§ **Exercise details**
Reproduce exactly the lines from the start of the records through the line containing "ESCAM Wall-E QF601", both included. Leave the pictures out.

Excerpts from a dataset
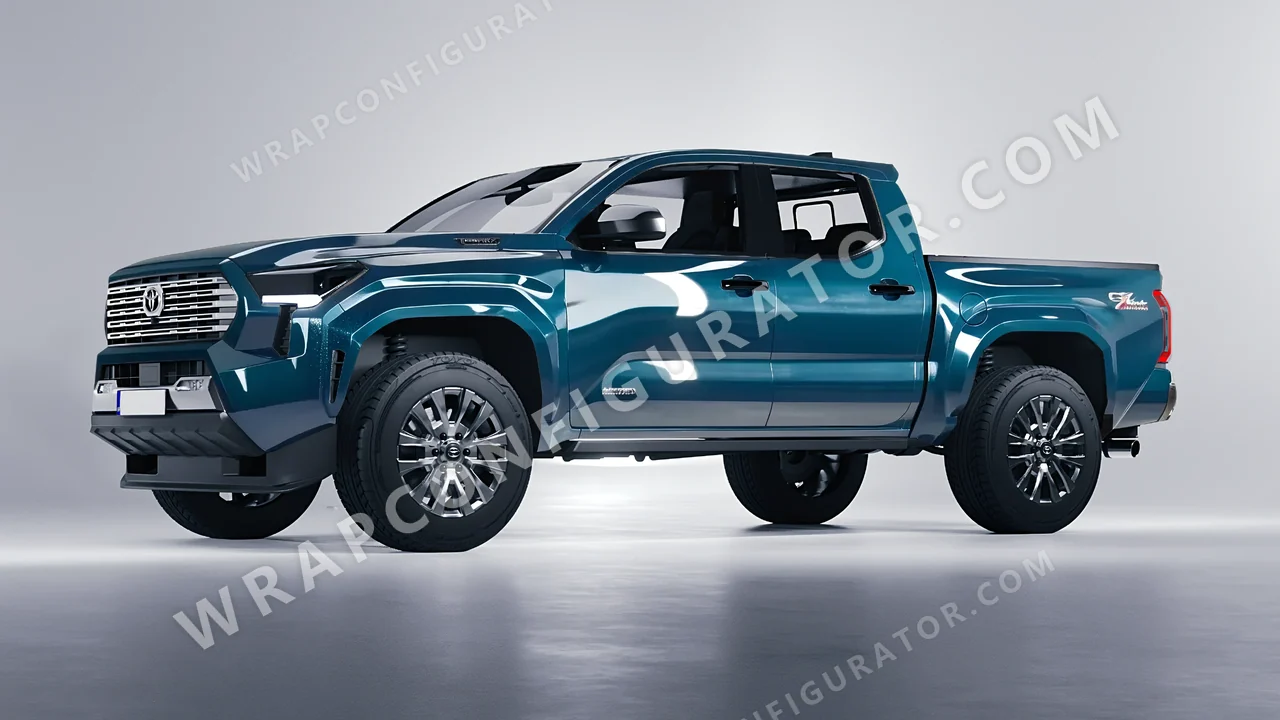 Blue Toyota Tacoma 2024 wrapped in Inozetek Dynamic PPF Petrol Blue DPPF705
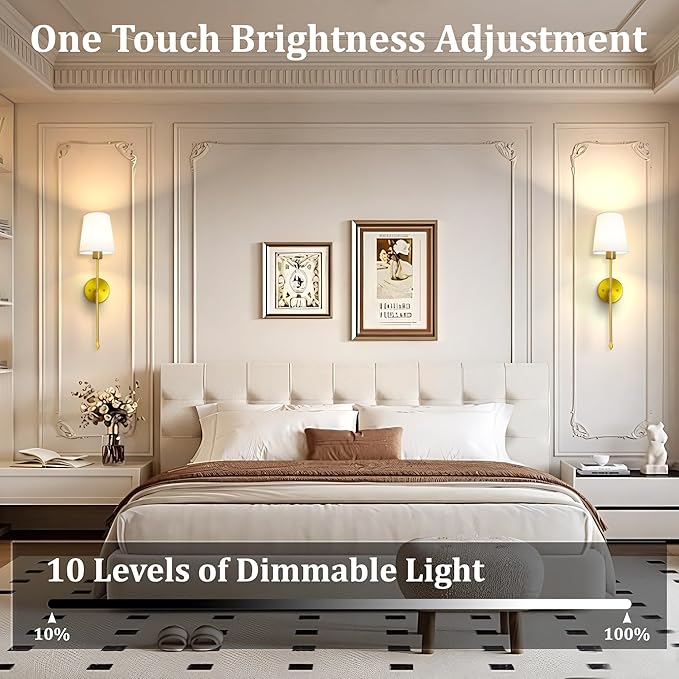Battery Operated Wall Sconce Set of 2, 15 Colors Rechargeable Wall Lights with Dimmable Bulbs and Remote, Gold Wireless Wall Lamp for Living Room Hallway Bedroom - Bloomnest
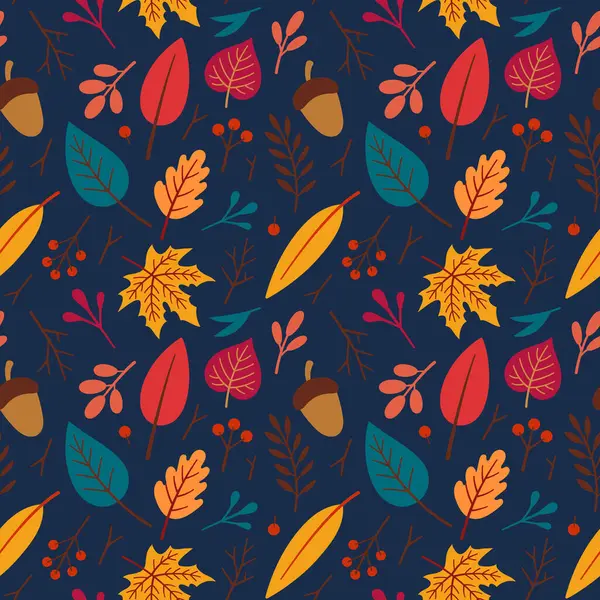 Sonbahar pürüzsüz desen. Vektör çiçek çizimi. Sonbahar elementleri - meşe palamudu, elma, yapraklar, böğürtlen. Koyu mavi arka planda sonbahar deseni. Doodle tarzı. Vektör çiçek illüstrasyonu.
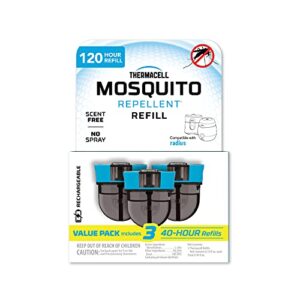 thermacell rechargeable mosquito repeller refills; advanced repellent formula provides 20’ protection zone; compatible with thermacell e-series & radius only; no deet, spray or flame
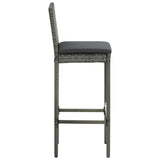 3 Piece Garden Bar Set With Cushions Poly Rattan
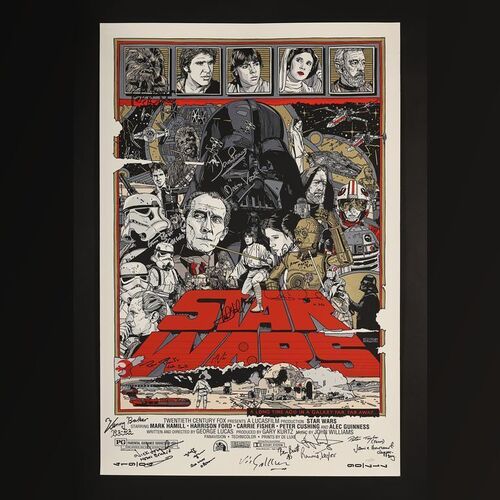 Lot #359 - STAR WARS: A NEW HOPE (1977) - Limited Edition Tyler Stout Mondo Print Autographed by Carrie Fisher, Mark Hamill, Dave Prowse, Gary Kurtz and Others, 2010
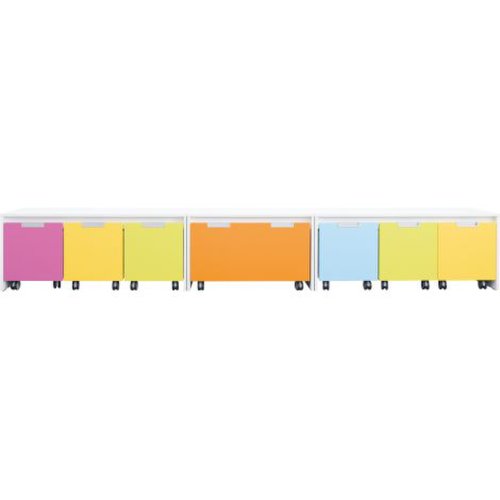 Set mobilier gradinita quadro 110 alb, dulapuri colorate pe roti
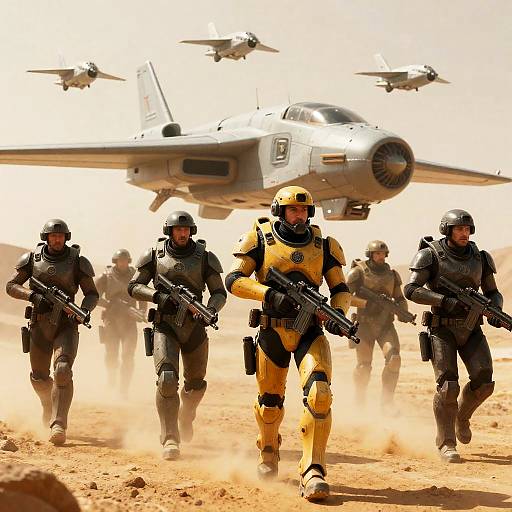 Dynamic Sci-Fi Battle in Desert Landscape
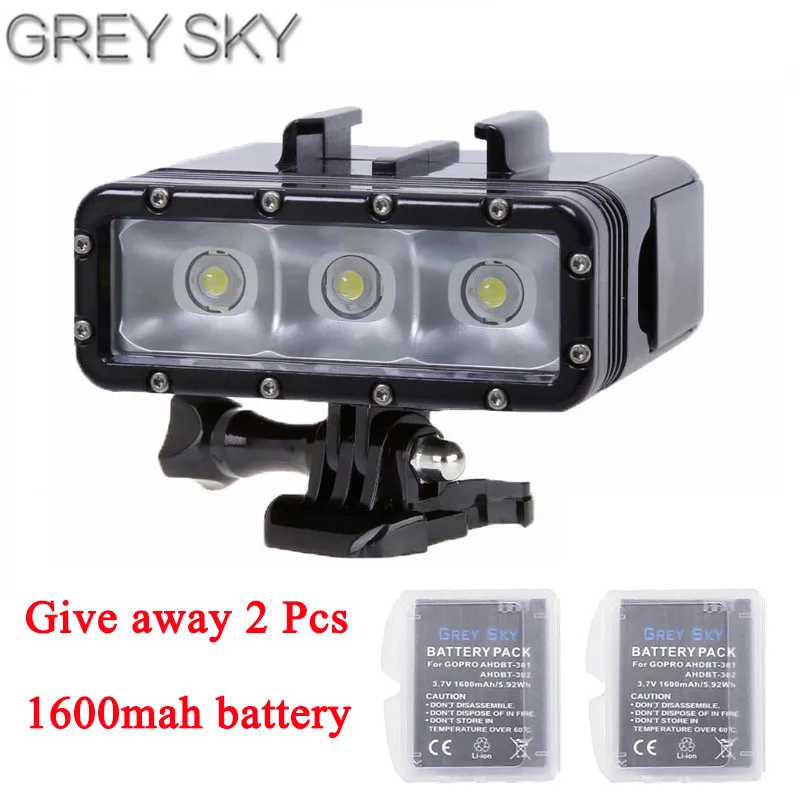 

Go Pro Diving flashLight lamp LED Flash Video Light For GoPro Hero 5 4/3+,SJCAM SJ4000 sj 4000 Xiaomi Yi 4k 2 camera accessories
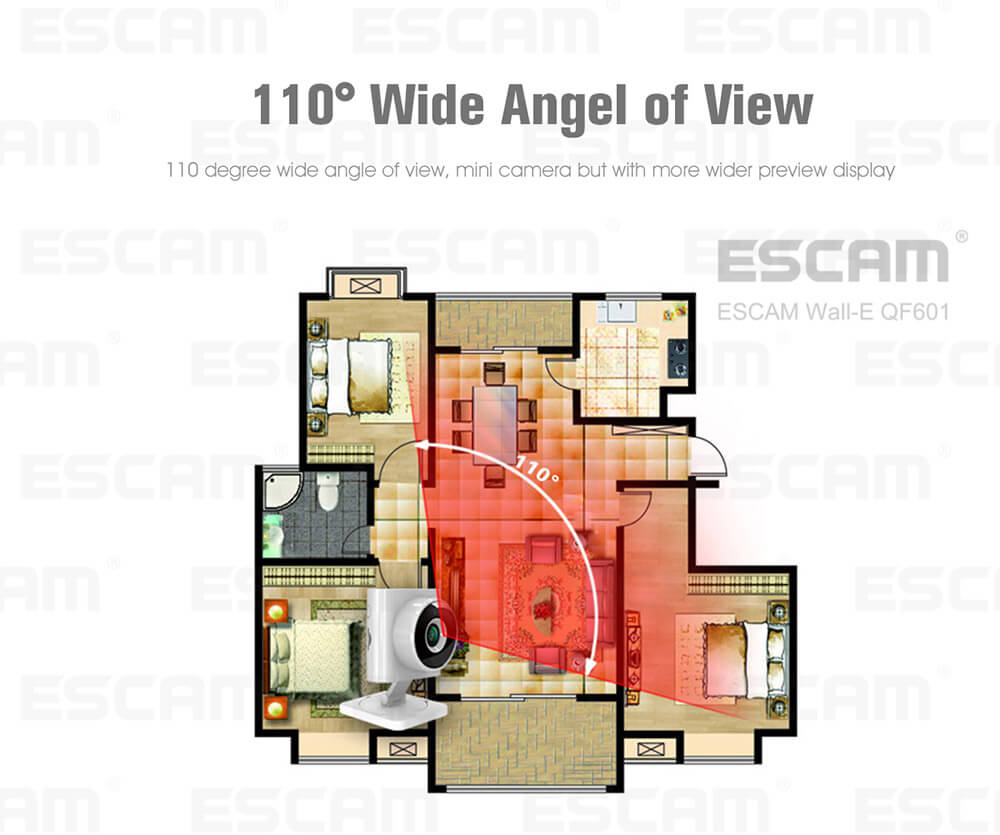 ESCAM Wall-E QF601 WiFi IP Camera 720P 110 Degrees Wide Angle 2.8mm Lens Onvif Network Camera Night Vision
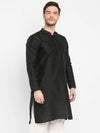 Hangup Men Standard Solid Men's Indian Wear-Black_Dupion_LongKurta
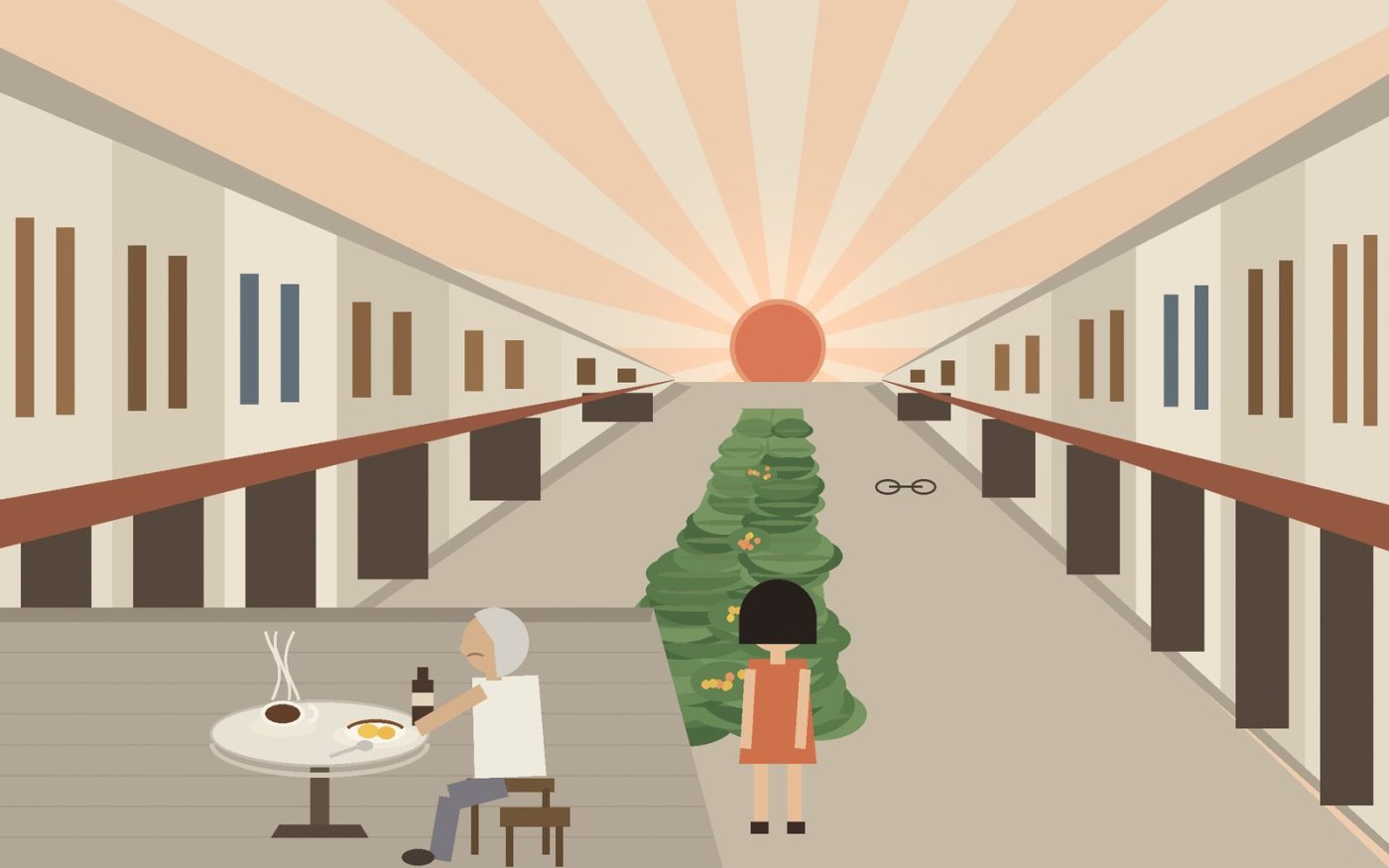 A street between two rows of concrete shophouses with a planted strip of grass and low bushes running down the middle; in the near left a coffee shop with a marble table, an old man eating, a small girl watching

§ **Response area**
 Blue Toyota Tacoma 2024 wrapped in Inozetek Dynamic PPF Petrol Blue DPPF705
Battery Operated Wall Sconce Set of 2, 15 Colors Rechargeable Wall Lights with Dimmable Bulbs and Remote, Gold Wireless Wall Lamp for Living Room Hallway Bedroom - Bloomnest
 Sonbahar pürüzsüz desen. Vektör çiçek çizimi. Sonbahar elementleri - meşe palamudu, elma, yapraklar, böğürtlen. Koyu mavi arka planda sonbahar deseni. Doodle tarzı. Vektör çiçek illüstrasyonu.
 thermacell rechargeable mosquito repeller refills; advanced repellent formula provides 20’ protection zone; compatible with thermacell e-series & radius only; no deet, spray or flame
 3 Piece Garden Bar Set With Cushions Poly Rattan
 Lot #359 - STAR WARS: A NEW HOPE (1977) - Limited Edition Tyler Stout Mondo Print Autographed by Carrie Fisher, Mark Hamill, Dave Prowse, Gary Kurtz and Others, 2010
 Set mobilier gradinita quadro 110 alb, dulapuri colorate pe roti
 Dynamic Sci-Fi Battle in Desert Landscape

Go Pro Diving flashLight lamp LED Flash Video Light For GoPro Hero 5 4/3+,SJCAM SJ4000 sj 4000 Xiaomi Yi 4k 2 camera accessories
 ESCAM Wall-E QF601 WiFi IP Camera 720P 110 Degrees Wide Angle 2.8mm Lens Onvif Network Camera Night Vision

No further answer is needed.